Wednesday, 11 March 2026

Another name is expected to be added to the New Plymouth Boys’ High School Memorial Gates next year - Alister Sutherland who died in India in 1920.  (File photo)
Another name is expected to be added to the New Plymouth Boys’ High School Memorial Gates next year - Alister Sutherland who died in India in 1920. (File photo)

A New Zealand Remembrance Army researcher has found two former students of New Plymouth Boys’ High School were part of a forgotten campaign on India’s north west frontier.

The New Zealand Remembrance Army founder Simon Strombom said one of their researchers, and trustees, military historian Mark Brewer had discovered the campaign, which had been forgotten.

“And it involved New Zealanders, two were from Taranaki. And both from New Plymouth Boys’ High School.”

William Norman Leech was wounded and Alister Morphett Sutherland died of enteric fever in a campaign along India’s north west frontier with Afghanistan.

Strombom has put a poppy on Sutherland’s “memorial” headstone in Manaia.

It’s early days, but the “rough plan” was to put Sutherland’s name on the gates at Boys’ High at Anzac Day next year, Strombom said.

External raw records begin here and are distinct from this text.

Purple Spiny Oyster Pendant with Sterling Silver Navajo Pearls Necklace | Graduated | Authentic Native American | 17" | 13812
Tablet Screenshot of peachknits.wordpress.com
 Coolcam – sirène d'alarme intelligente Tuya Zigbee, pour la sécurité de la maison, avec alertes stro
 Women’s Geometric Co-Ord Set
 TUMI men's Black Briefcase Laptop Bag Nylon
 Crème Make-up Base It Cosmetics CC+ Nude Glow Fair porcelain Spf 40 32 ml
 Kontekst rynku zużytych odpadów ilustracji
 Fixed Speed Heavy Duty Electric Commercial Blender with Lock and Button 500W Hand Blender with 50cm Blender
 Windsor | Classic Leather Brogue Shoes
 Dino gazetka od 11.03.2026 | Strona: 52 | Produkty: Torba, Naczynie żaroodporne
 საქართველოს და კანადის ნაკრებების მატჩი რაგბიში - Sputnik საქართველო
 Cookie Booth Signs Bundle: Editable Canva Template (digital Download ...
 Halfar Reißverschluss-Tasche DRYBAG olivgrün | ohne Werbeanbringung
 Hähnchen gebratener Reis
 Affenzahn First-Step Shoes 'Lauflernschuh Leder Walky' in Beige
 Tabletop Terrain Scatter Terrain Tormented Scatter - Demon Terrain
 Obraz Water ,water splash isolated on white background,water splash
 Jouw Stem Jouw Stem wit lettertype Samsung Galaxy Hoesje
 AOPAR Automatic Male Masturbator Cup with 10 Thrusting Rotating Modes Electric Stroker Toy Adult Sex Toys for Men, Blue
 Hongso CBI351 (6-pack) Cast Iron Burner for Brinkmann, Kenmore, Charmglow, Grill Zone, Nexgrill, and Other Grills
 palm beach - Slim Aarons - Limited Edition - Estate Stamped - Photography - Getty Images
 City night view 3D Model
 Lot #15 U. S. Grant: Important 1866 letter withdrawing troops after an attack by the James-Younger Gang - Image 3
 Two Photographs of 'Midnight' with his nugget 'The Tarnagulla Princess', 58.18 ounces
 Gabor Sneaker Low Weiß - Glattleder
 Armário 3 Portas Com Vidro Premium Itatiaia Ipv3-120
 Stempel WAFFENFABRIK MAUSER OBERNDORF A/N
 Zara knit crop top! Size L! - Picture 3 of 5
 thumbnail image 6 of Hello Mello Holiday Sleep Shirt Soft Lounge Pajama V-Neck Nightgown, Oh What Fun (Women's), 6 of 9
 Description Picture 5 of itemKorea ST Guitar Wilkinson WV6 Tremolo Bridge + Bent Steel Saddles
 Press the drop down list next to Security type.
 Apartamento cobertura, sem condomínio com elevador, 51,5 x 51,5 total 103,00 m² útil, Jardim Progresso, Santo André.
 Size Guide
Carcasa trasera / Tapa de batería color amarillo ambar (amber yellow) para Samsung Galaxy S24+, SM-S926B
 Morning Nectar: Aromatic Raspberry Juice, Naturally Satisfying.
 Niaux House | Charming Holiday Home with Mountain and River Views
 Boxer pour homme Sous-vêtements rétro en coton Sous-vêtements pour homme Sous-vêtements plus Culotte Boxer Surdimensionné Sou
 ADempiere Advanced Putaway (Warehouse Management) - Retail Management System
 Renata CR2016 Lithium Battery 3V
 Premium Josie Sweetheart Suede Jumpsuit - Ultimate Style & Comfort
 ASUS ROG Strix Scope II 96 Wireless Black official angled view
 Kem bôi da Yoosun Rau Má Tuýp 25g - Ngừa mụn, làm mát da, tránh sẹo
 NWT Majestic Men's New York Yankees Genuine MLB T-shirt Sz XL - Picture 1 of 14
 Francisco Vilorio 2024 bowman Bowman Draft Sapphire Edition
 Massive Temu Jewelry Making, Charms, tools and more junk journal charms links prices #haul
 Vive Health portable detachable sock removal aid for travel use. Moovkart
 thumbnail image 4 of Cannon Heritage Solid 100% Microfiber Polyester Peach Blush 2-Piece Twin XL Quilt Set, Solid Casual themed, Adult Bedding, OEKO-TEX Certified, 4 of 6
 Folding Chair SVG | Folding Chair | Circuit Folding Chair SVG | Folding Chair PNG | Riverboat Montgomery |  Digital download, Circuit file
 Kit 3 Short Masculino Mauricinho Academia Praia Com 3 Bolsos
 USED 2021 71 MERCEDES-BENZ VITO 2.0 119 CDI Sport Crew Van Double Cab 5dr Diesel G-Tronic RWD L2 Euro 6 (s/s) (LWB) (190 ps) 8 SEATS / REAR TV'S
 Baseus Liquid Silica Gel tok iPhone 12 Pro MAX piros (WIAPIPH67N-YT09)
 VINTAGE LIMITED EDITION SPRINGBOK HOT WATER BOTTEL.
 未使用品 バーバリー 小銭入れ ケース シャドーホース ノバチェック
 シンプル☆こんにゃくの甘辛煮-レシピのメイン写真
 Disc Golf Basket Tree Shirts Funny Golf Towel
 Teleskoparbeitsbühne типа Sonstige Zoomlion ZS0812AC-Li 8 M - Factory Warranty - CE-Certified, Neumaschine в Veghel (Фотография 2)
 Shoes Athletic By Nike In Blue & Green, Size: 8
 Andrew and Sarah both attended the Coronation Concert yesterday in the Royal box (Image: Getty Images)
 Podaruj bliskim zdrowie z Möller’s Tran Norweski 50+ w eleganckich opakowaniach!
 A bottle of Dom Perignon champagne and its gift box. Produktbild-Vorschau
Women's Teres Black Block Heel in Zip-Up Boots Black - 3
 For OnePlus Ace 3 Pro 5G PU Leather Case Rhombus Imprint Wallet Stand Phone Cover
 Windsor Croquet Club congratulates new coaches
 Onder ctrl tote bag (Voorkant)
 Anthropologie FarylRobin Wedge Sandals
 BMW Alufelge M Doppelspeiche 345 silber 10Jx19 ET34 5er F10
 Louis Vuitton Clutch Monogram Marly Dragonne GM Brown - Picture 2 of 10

“And Mark wants to talk to the Ministry of Culture and Heritage because it's not on any national war memorial.”

Both Leech, who died in 1983, and Sutherland, went to the Royal Australian Military College Duntroon for officer training during World War I, he said.

They missed that war, but went to India after they had finished their training.

New Zealand Remembrance Army Founder has put a poppy on the memorial headstone for Alister Sutherland.
New Zealand Remembrance Army Founder has put a poppy on the memorial headstone for Alister Sutherland.

New Zealand contributed troops to help quell a Pashtun insurgency along India’s north west border with Afghanistan in Waziristan from 1919 to 1921, Brewer discovered.

Lieutenant Sutherland had been attached to the 21st (Empress of India’s) Lancers, a cavalry unit in garrison in Meerut, Delhi.

Their presence in the city was critical to countering simmering tensions and the influence of agitators, Brewer found in his research.

Sutherland who was “extremely popular with all ranks” died of enteric fever in Delhi on 28 August 28, 1920.

A telegram was sent to his father Major Thomas Sutherland of the Queen Alexandra’s Mounted Rifles in Manaia.

He was later described as “one of the best potential battle leaders New Zealand ever bred,” Brewer wrote in his account of the campaign.

Leech, who contracted malaria during his time in India and was later shot in the heel, wrote an account of his journey to Waziristan that was published in the Taranaki Herald, in August 1920.

A notice in the Hāwera and Normanby Star in March 1921, said Leech had returned home from India and would soon go to Christchurch to work with the New Zealand Defence Force.

The rediscovery of the campaign’s Taranaki connection comes just two weeks after Remembrance Army researchers found the unmarked grave of All Black number one James Allan in Hāwera Cemetery.